**** Records supplied ****

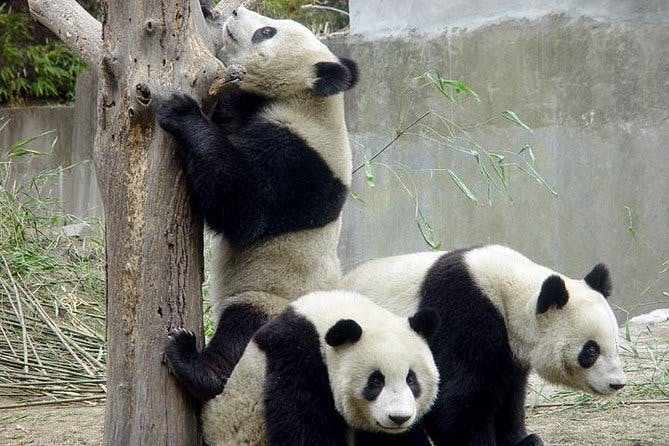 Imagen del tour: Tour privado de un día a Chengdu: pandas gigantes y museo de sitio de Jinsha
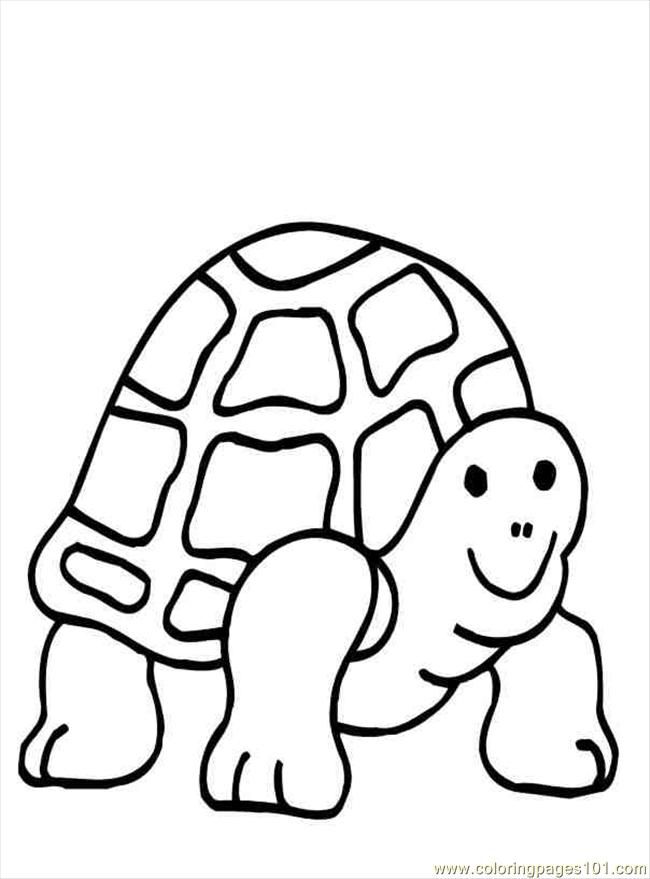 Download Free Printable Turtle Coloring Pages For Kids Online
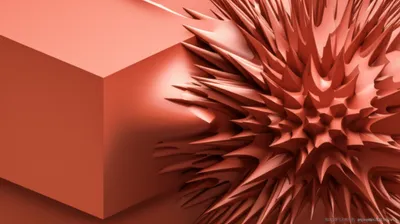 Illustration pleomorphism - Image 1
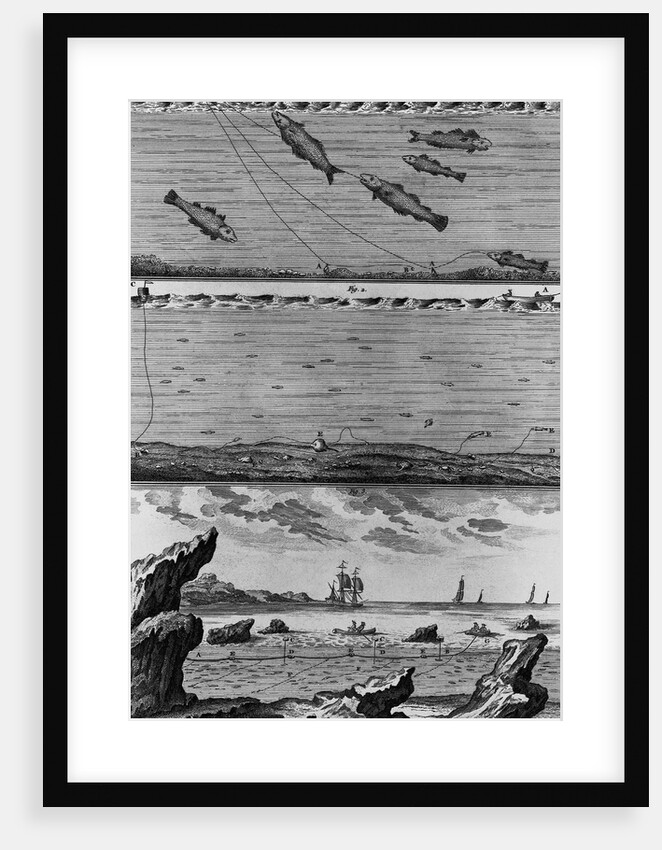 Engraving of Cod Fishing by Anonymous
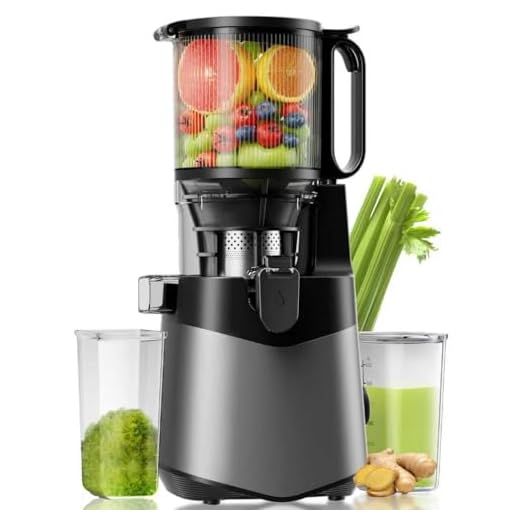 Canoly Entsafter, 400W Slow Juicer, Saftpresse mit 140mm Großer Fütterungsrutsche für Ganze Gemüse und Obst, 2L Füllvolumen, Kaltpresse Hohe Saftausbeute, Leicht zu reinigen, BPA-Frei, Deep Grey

****

Work task:
The lines from the one containing "Illustration pleomorphism - Image 1" through the last line above are to be repeated exactly, and only those. Any pictures must be left out.

Task output:
 Illustration pleomorphism - Image 1
 Engraving of Cod Fishing by Anonymous
 Canoly Entsafter, 400W Slow Juicer, Saftpresse mit 140mm Großer Fütterungsrutsche für Ganze Gemüse und Obst, 2L Füllvolumen, Kaltpresse Hohe Saftausbeute, Leicht zu reinigen, BPA-Frei, Deep Grey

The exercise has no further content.